Both person and team are key, and are used for multiple purposes. Each fact has against it a number of person keys to support different roles played within the business(eg: Timekeeper, supervisor, both for the current view and the view at the time of the transaction.
My current set up (in an On premise Tabular Cube) , has all the necessarly foreing keys stamped on the fact table, so that each would join to the necessary dimension table. The Dax measures will activate an inactive relationship as required to calculate the necessary measure using the correct key to join to person. Allowing for visuals/tables in Power BI to report out metrics from both profiles when necessary. This means that I end up with more complex dax using the USERELATIONSHIP statement in each metric, for both person and team.

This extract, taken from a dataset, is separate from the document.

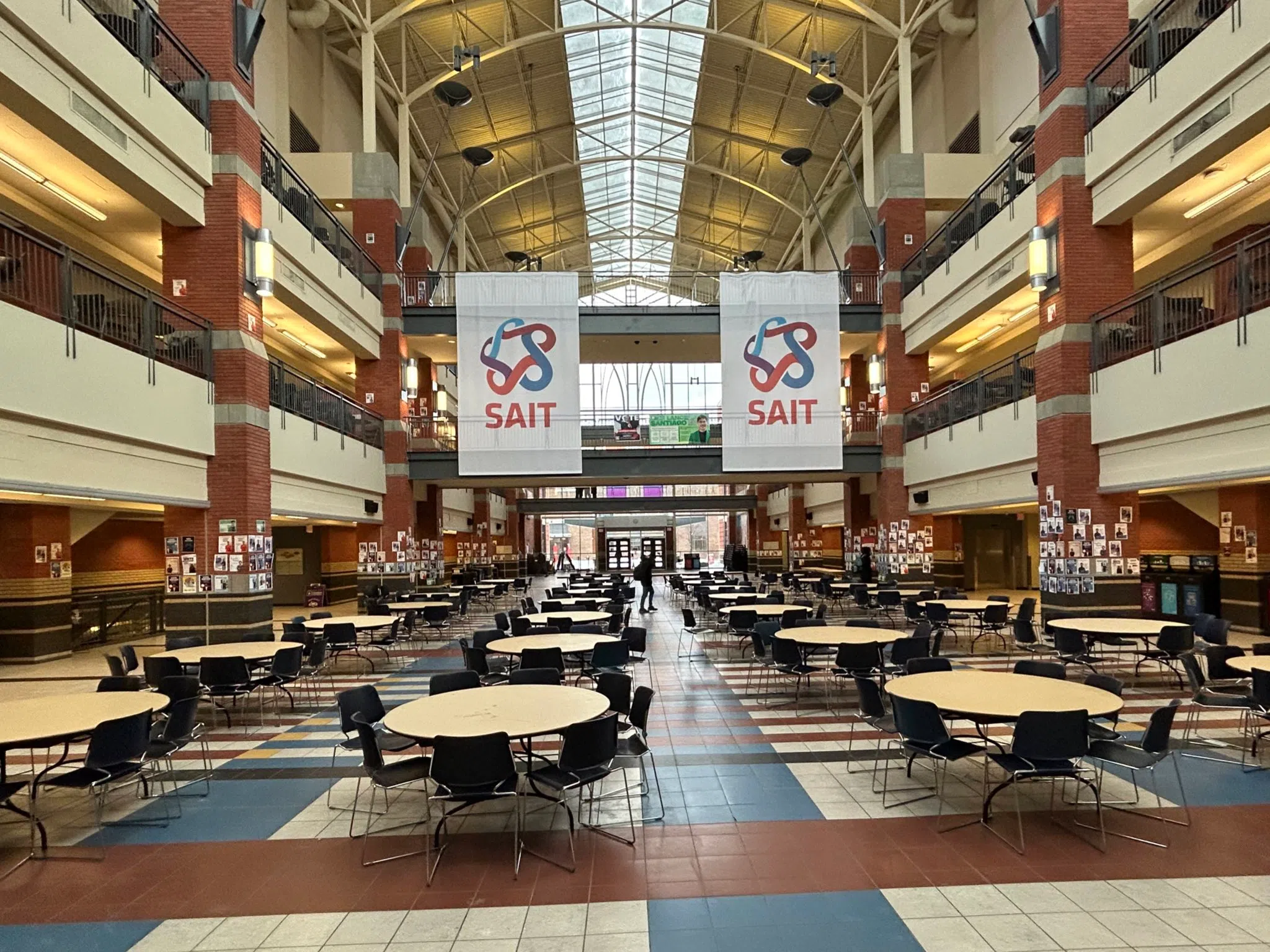 Last day of SAITSA election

I'm considering changing this layout as part of the fabric development, firstly to combine Person and Team into one larger dim table, but also to bring in both the current and historical view of the details into one larger dimension. So I have one join to the table, but allows me to get the necessary data needed for both current and historical. This wont get around the need for inactive relatioships totally - but will help reducing the need, and also reduces the joins if I bring in both team and person into one table.
Another option I have is to create a bridge table that sits between the fact and the dimension (that holds the primary key from the fact, the role, and the key necessary to join to the person/team dim table, but for each fact - this would need to contain many rows (number of rows in fact * the number of profiles (sometimes 8)) - resulting a table that is now >500 million (for each fact). I would then be able to code the metrics to use FILTER based on the role.

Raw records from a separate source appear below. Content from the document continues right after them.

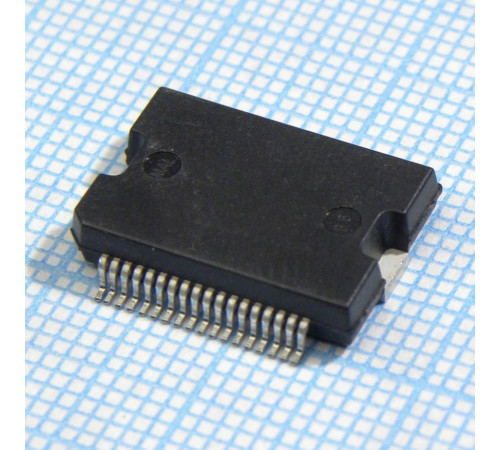 E-L6258, Драйвер двигателя, мостовой E-L6258, Драйвер двигателя, мостовой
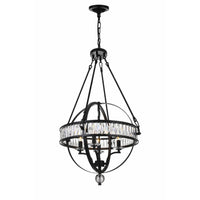 Arkansas Chandelier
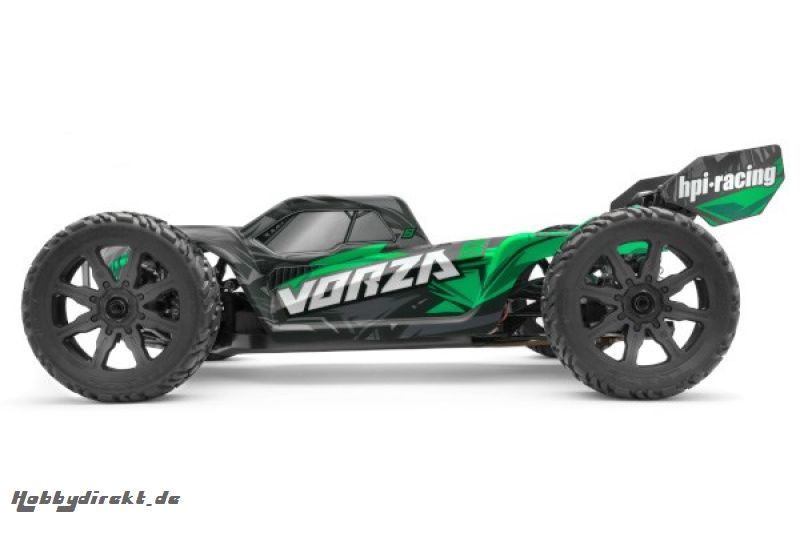 Vorza S Truggy flux HPI 160182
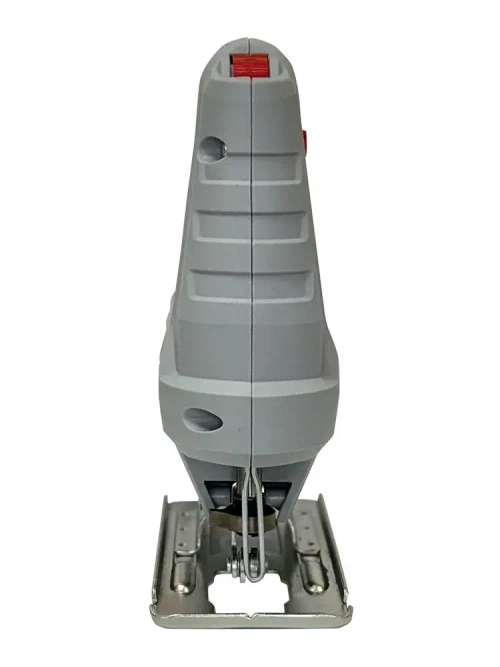 Лобзик электрический Л-600М Ресанта - 600 Вт, глубина пропила до 55мм, ГАРАНТИЯ 5 лет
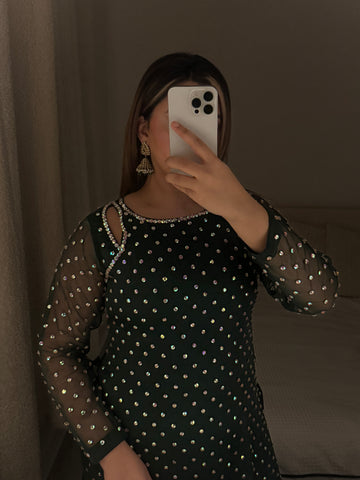 NUHA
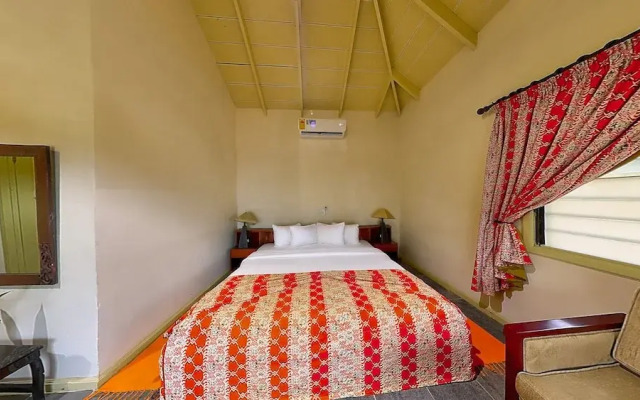 Anomabo Beach Resort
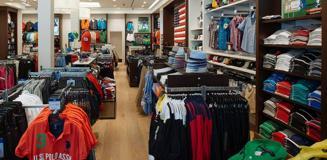 Saat & Saat, Türk giyim markası Aydınlı Grubu satın aldı Saat & Saat, Türk giyim markası Aydınlı Grubu satın aldı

Wondering if anyone has experience of this, and what might be best practice in this situation. I'm keen to make the querying of this data as optimal as possible for the end user.
Any thoughts are welcome.
Thanks
Solved! Go to Solution.
Hello @NEJO
First of all thanks for sharing this detailed question.
community user will be greatly benefited from such type of discussiona.

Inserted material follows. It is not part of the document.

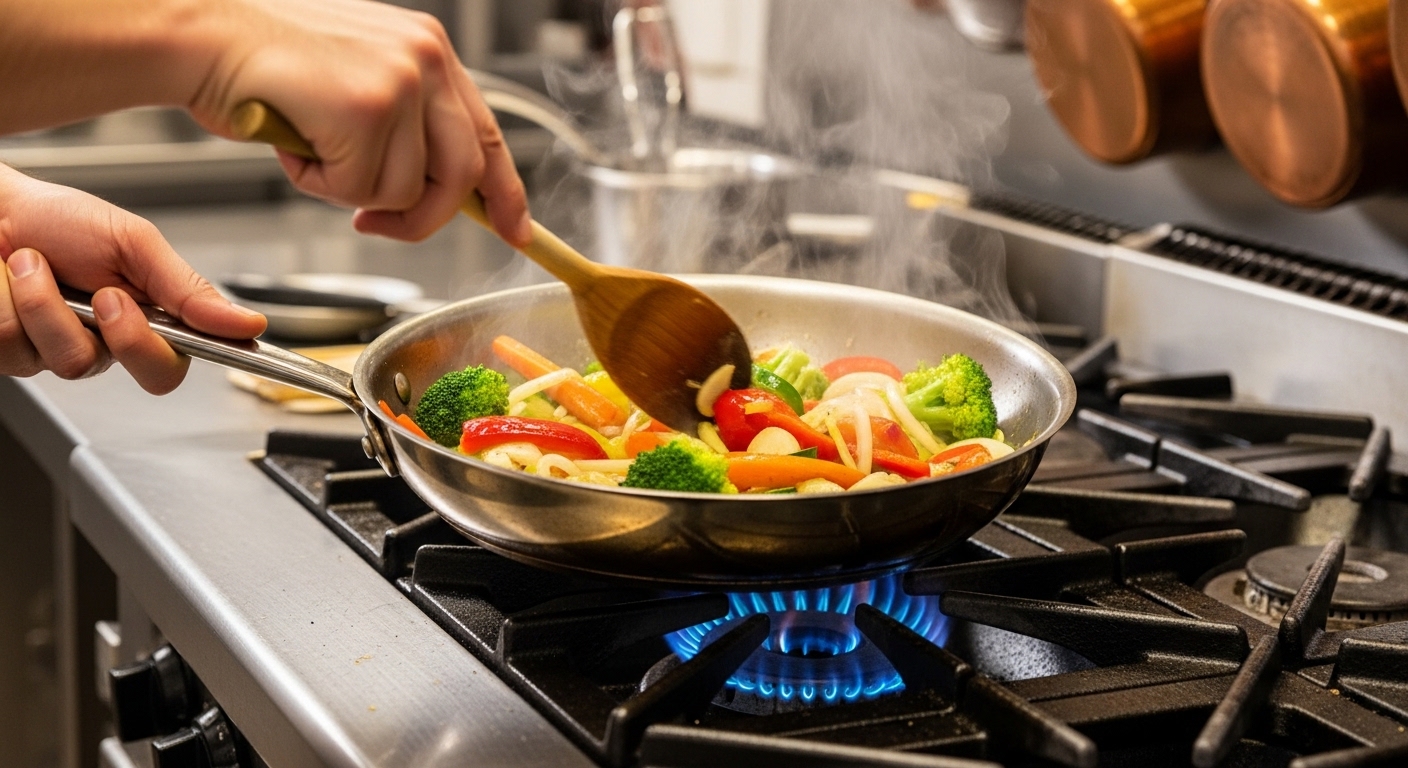Best Frying Pans for Everyday Cooking
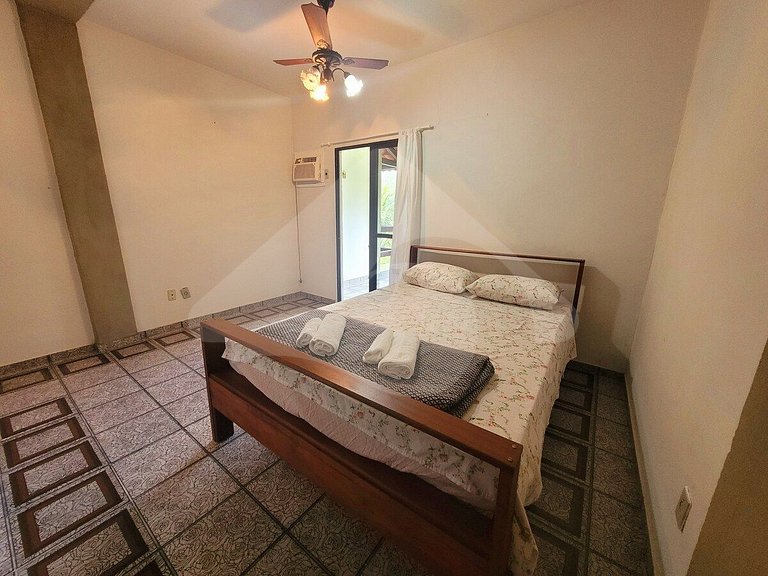 10 Hab. | Piscina con cascada y vista única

here are some of the best practices which I will try to follow in your case :
1.Keep separate Dimensions for Person and Team.
2. Use multiple foreign keys in the Fact for each person‐role or team‐role. Although it means some measures will require inactive‐relationship logic, it avoids blowing up the fact table and keeps the schema simpler.
3. Use Type 2 SCD within Person or Team if you need both “current” and “historical” attributes in the same dimension. That technique is standard in dimensional modeling and does not require bridging.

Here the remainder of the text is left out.